* _Your objective_
What should come back is the data below, word for word, minus any picture.

* _Collected data_
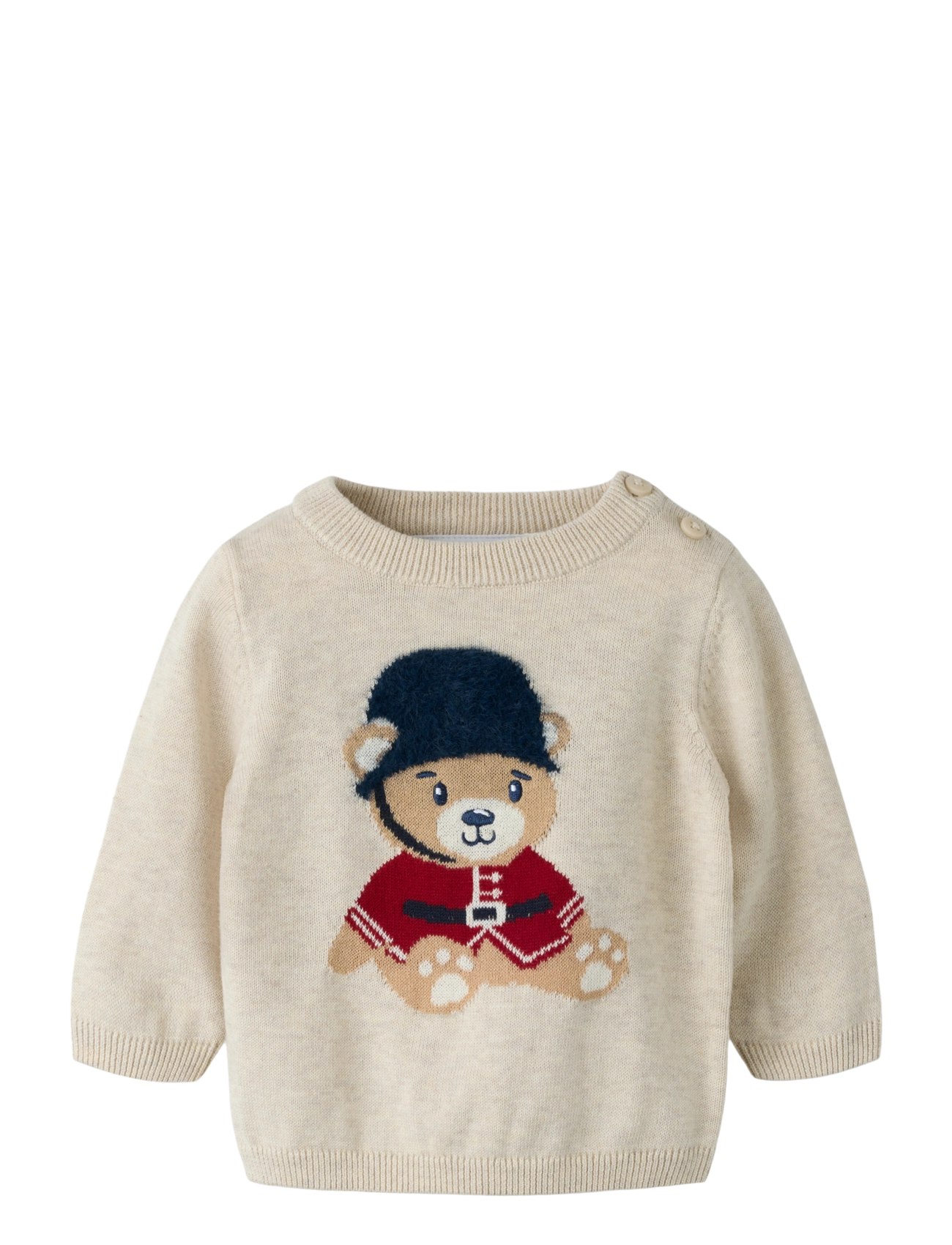 name it NBMRISO LS KNIT BOX - Jumpers - PEYOTE MELANGE / cream
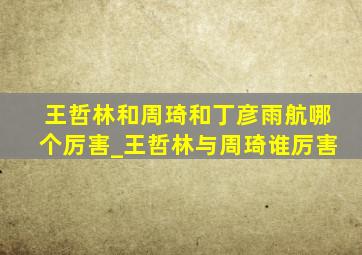 王哲林和周琦和丁彦雨航哪个厉害_王哲林与周琦谁厉害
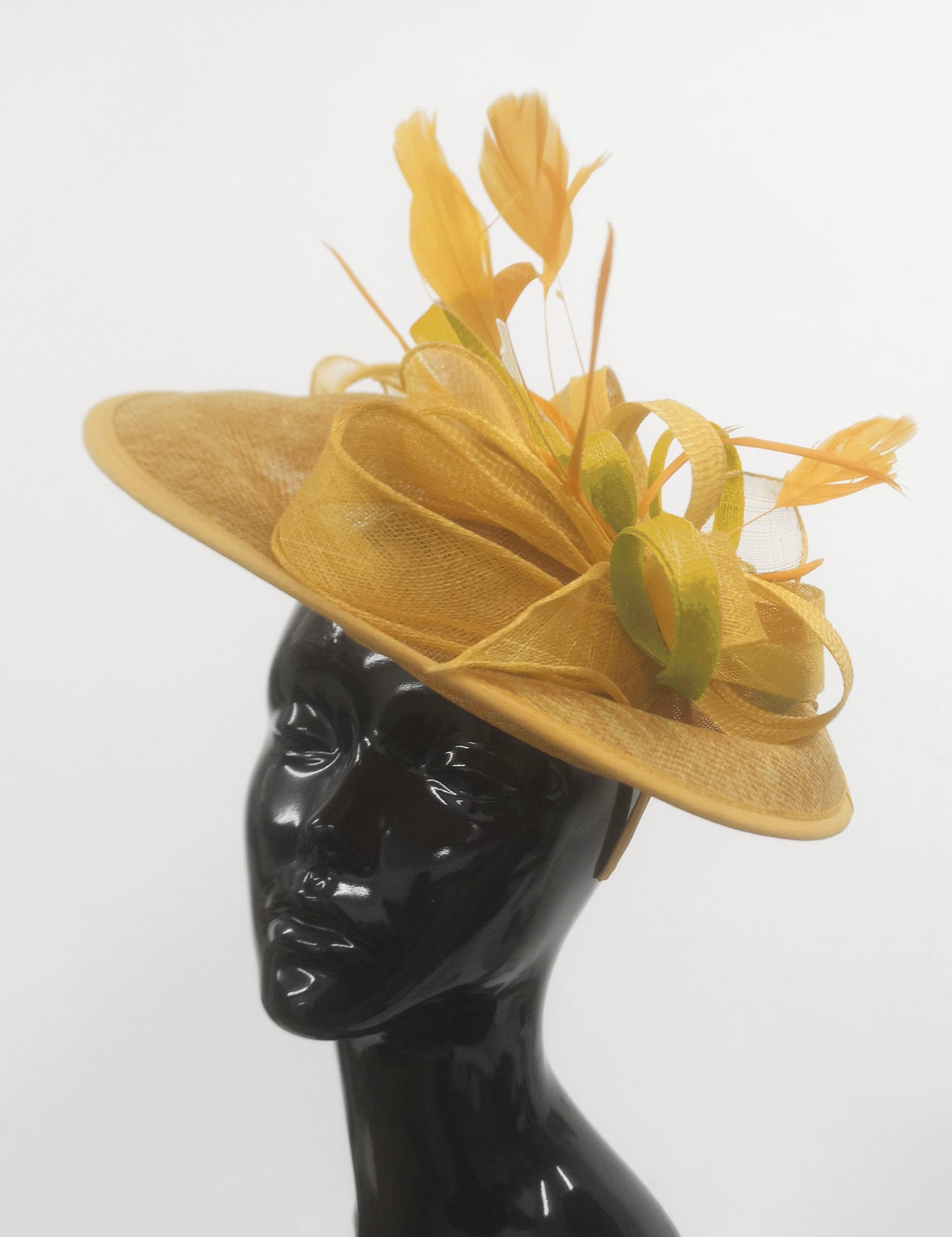Caprilite Big Saucer Sinamay Gold Mustard & Yellow Mixed Colour Fascinator On Headband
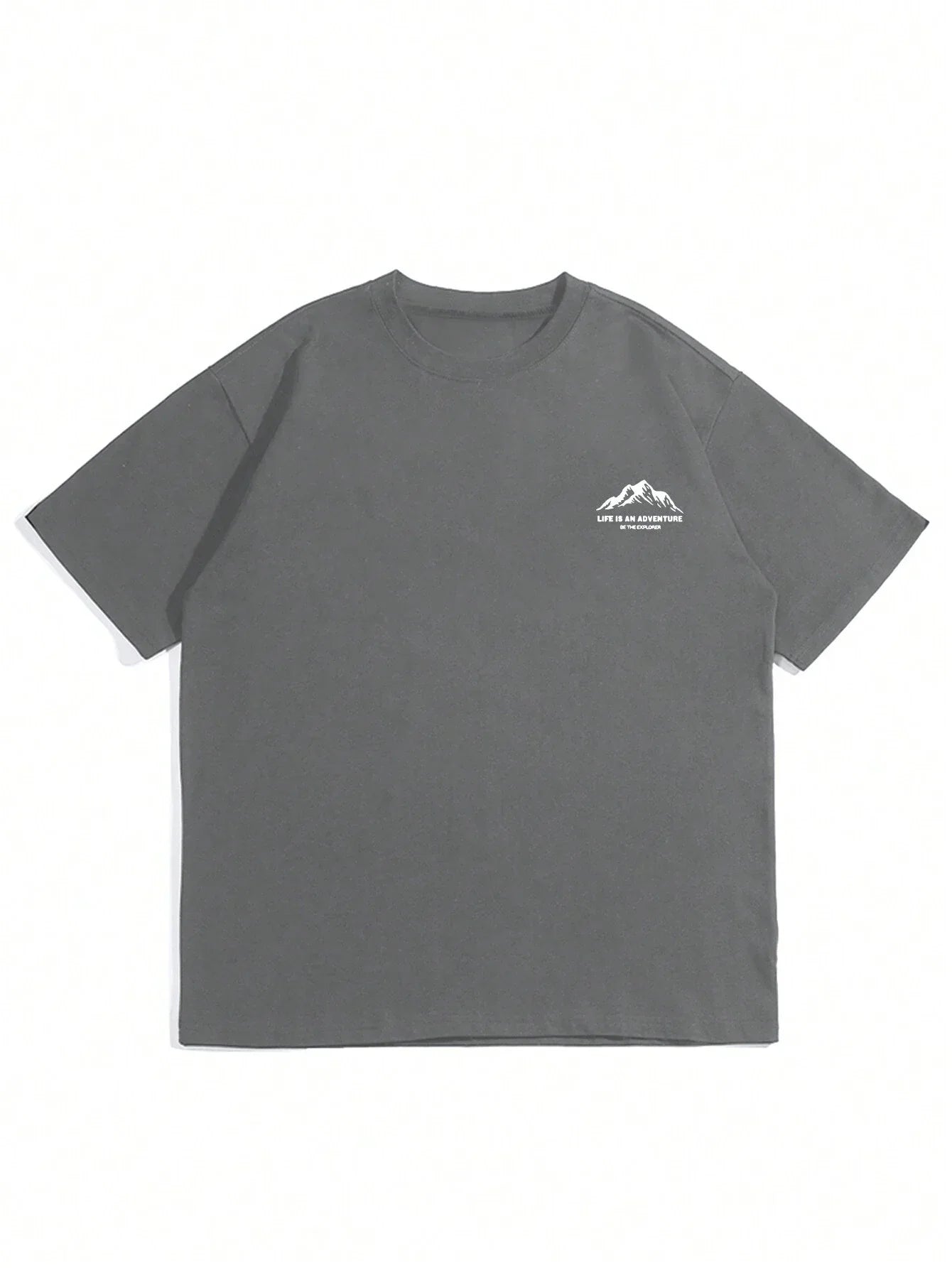 Summer men's 100% pure cotton casual loose plus size Letter And Mountain pattern printed round neck short sleeved T-shirt top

* _Response to this task_
 name it NBMRISO LS KNIT BOX - Jumpers - PEYOTE MELANGE / cream
 王哲林和周琦和丁彦雨航哪个厉害_王哲林与周琦谁厉害
Caprilite Big Saucer Sinamay Gold Mustard & Yellow Mixed Colour Fascinator On Headband
 Summer men's 100% pure cotton casual loose plus size Letter And Mountain pattern printed round neck short sleeved T-shirt top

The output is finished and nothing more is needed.